Azersun's growth in the last two decades has seen the expansion of its product range, with its main products now including tea, cooking oils and margerines, sugar, and hazlenuts. Today, it is one of the largest companies in Azerbaijan. In addition to its food processing plants, in 2006 it expanded into agricultural production with the launch of subsidiary Azersun Kend Teseffufati, which is now active in several regions of the country, growing sugar-beet, soy, tomatoes, barley, peas, corn and other products. "Our company has around 27% of the food market in Azerbaijan, though we account for up to 50% in some market segments," Azersun's president, Abdoolbari Goozal, tells bne.
Azersun's growth into one of the largest conglomerates in Azerbaijan was also driven by the government. "In 1994, three years after Azersun started operations, the former president Haidar Aliyev decided that he wanted food production to be consolidated into our company, because of our intelligent employees and high production standards," Goozal explains. "The current government also supports our operations."
Power of brands
Azerbaijan's food market has developed considerably since Azersun's launch; as average spending power has ballooned, consumer demand has become steadily more sophisticated. "When Azerbaijan first became independent, there was demand only for basic foodstuffs such as sugar and butter. There was little money, and brands were not important. Since then, the mentality has totally changed - quality is now all important," says Goozal.

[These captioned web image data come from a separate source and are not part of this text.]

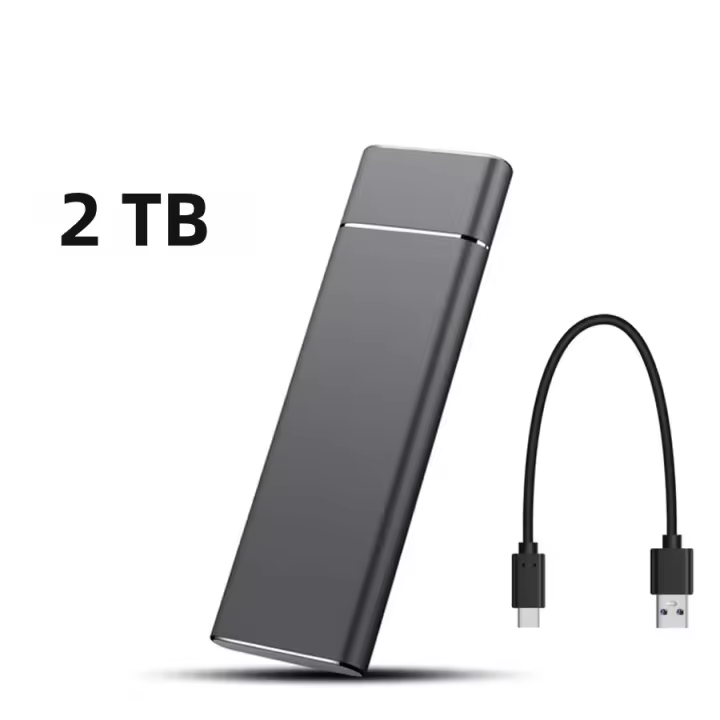 Disco Duro Portátil SSD externo de Alta velocidad 2TB/20TB/30TB Typo-C/USB 3,1 para PC portátil MAC compatible con MrLabel - 1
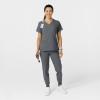 Women’s Comfort Waist Cargo Jogger Scrub Pant, Red, S(Pewter)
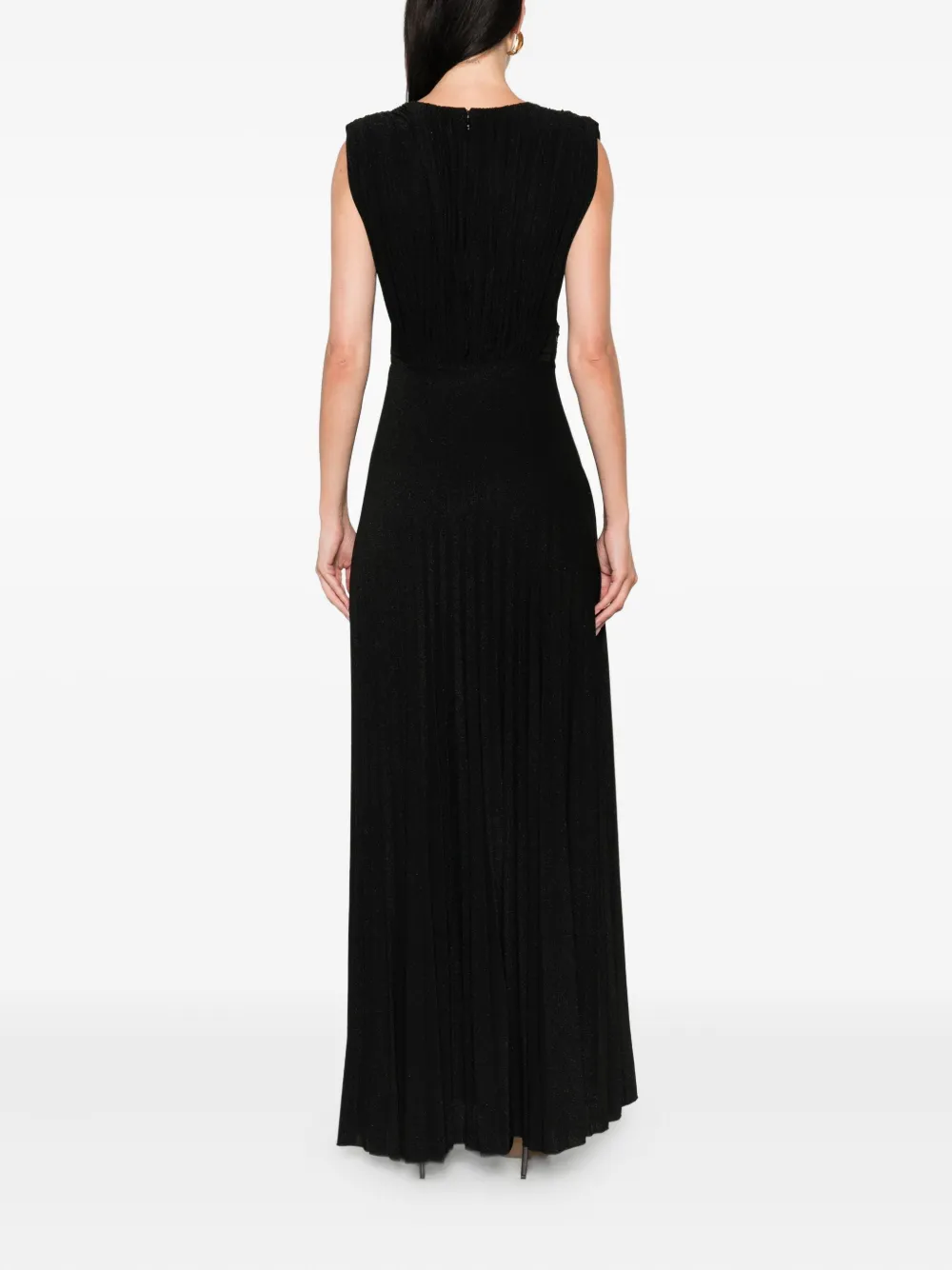 Elisabetta Franchi lurex jersey dress Zwart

The introduction of modern production techniques has helped Azersun not only on the local market, but also in carving out export markets within the former Soviet Union, Turkey and the Middle East. Azerbaijan is one of the countries that has attracted a lot of interest from arid Middle Eastern countries such as the United Arab Emirates (UAE) as they try to secure stable supplies of food. "Around 35% of our production is exported, and the remaining 65% is for the local market. All our production is to international standards, whether it is sold at home, or in Russia, Turkey, Kazakhstan or another country," says Goozal.
Goozal admits the last two years have been difficult due to the global economic crisis, but says that Azersun is in the process of setting up new production plants, several of which are due to come online this year.
Within the next two months, Azersun is due to open a factory to produce iodised salts near the Masazir salt lake in Azerbaijan's Abercon peninsula. The company is working with Unicef on the project, which is intended to supply 100% of Azerbaijan's needs for iodised salt. "Azerbaijan has a history of diseases related to iodine deficiency, which is why we are setting up the factory," says Goozal. Azersun is also setting up a factory for food canning and packaging in Krasnodar, Russia. A milk factory is due to be opened in Azerbaijan in 2010, and in future Azersun has plans to launch production of chocolate and confectionary.
Outside the food and related sector, Azersun is building a new petrol terminal that will receive oil from Kazakhstan's Tengiz field and connect to the Baku-Tbilisi-Ceyhan oil pipeline. "There is capacity to handle up to 20m tonnes of Kazakh oil. Phase 1 of the terminal as been started, and within three months we will complete negotiations on the second phase," says Goozal.